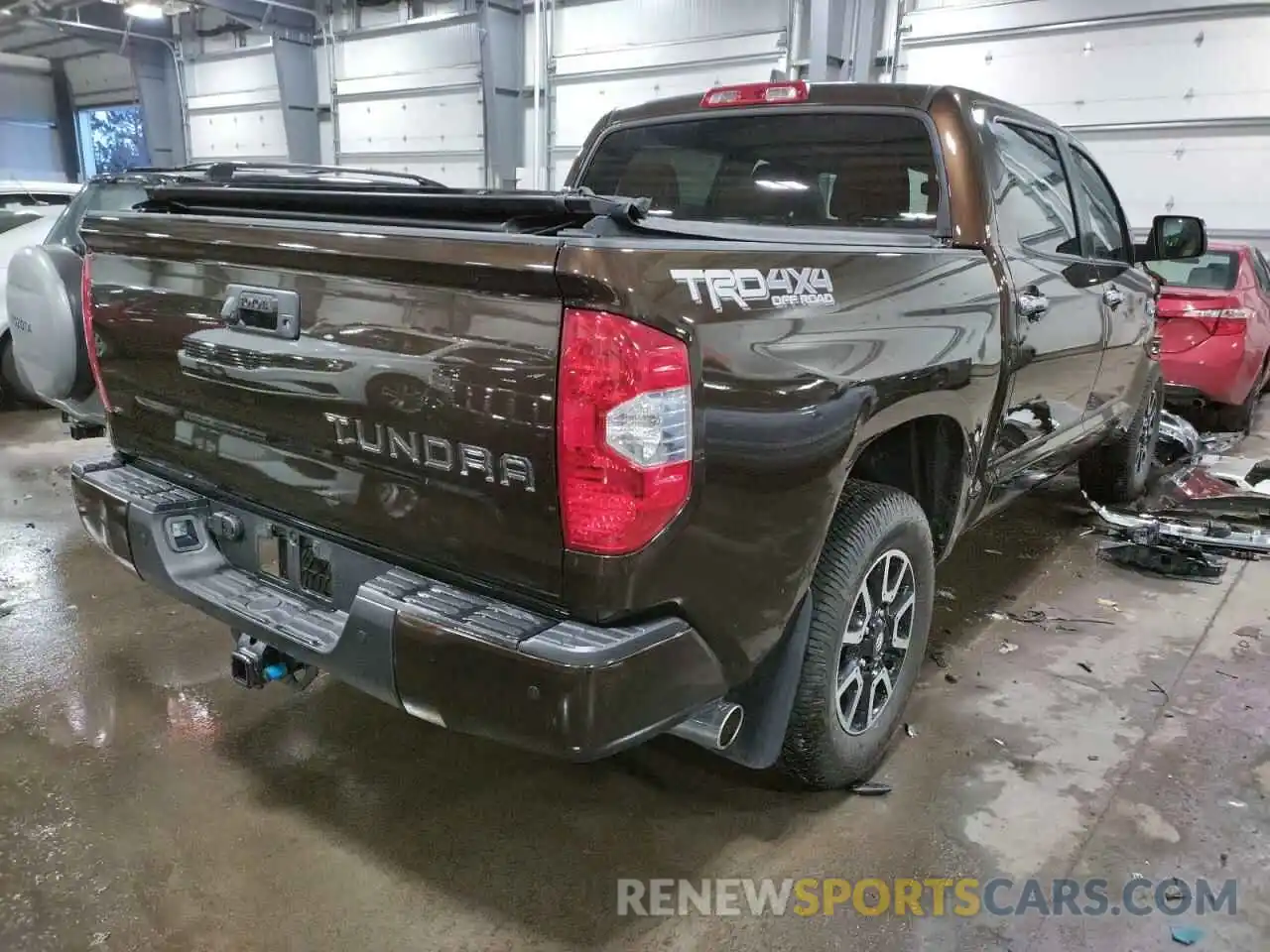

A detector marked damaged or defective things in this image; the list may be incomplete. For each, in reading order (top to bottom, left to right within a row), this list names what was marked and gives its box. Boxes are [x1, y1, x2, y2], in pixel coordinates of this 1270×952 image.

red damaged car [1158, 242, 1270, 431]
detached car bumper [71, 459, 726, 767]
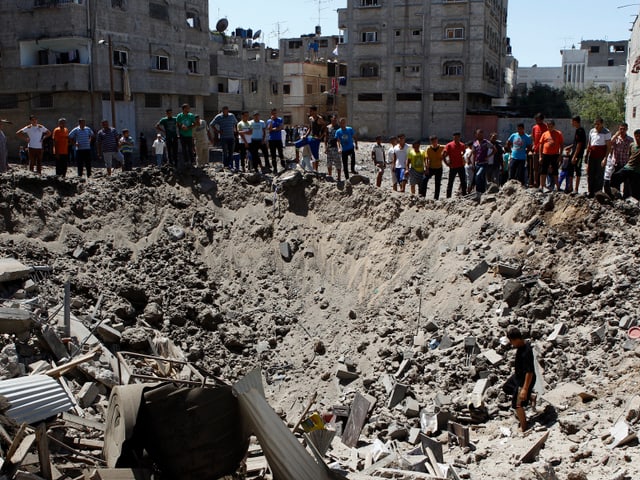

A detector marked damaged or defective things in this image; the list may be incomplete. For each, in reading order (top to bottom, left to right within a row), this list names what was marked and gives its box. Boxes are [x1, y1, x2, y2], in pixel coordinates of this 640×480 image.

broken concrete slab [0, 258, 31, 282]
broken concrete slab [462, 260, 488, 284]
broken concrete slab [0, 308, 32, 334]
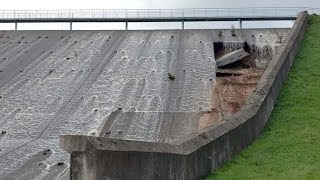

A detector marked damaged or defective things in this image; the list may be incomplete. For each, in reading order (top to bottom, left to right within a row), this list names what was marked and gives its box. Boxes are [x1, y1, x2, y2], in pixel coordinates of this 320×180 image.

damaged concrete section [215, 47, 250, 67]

--

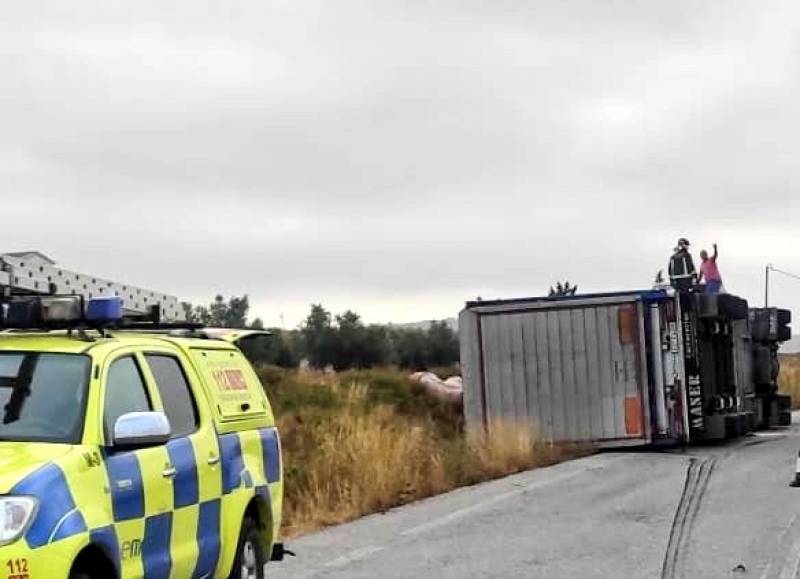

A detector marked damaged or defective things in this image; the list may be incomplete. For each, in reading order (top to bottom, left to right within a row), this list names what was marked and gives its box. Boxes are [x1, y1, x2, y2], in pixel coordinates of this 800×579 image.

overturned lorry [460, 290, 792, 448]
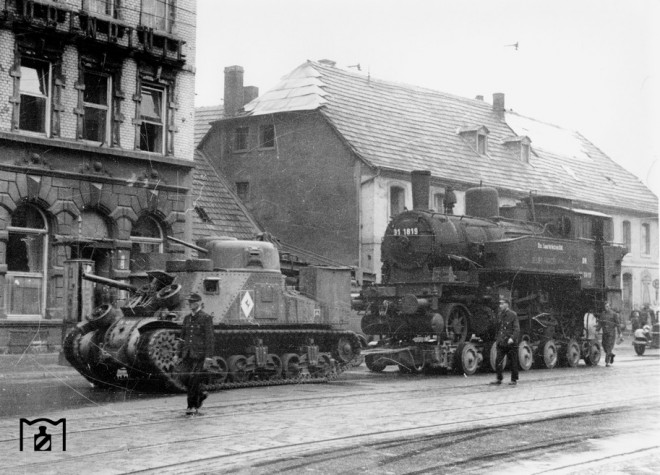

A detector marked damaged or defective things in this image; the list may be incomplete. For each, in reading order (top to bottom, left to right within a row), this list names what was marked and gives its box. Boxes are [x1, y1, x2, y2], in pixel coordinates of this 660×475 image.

--

- [Exercise brief]
In the entries above, find the line containing "this 800×579 image." and the line containing "this 660×475 image.", then copy both and every line between them exactly, without any picture.

- [Answer to the exercise]
A detector marked damaged or defective things in this image; the list may be incomplete. For each, in reading order (top to bottom, left to right within a row), this list names what was marked and gives its box. Boxes are [x1, y1, x2, y2], in pixel coordinates of this 800×579 image.

overturned lorry [460, 290, 792, 448]

A detector marked damaged or defective things in this image; the list may be incomplete. For each, in reading order (top to bottom, left to right within a row), this list names what was marked and gives its box. Boxes are [x1, y1, x2, y2], in pixel coordinates of this 660×475 image.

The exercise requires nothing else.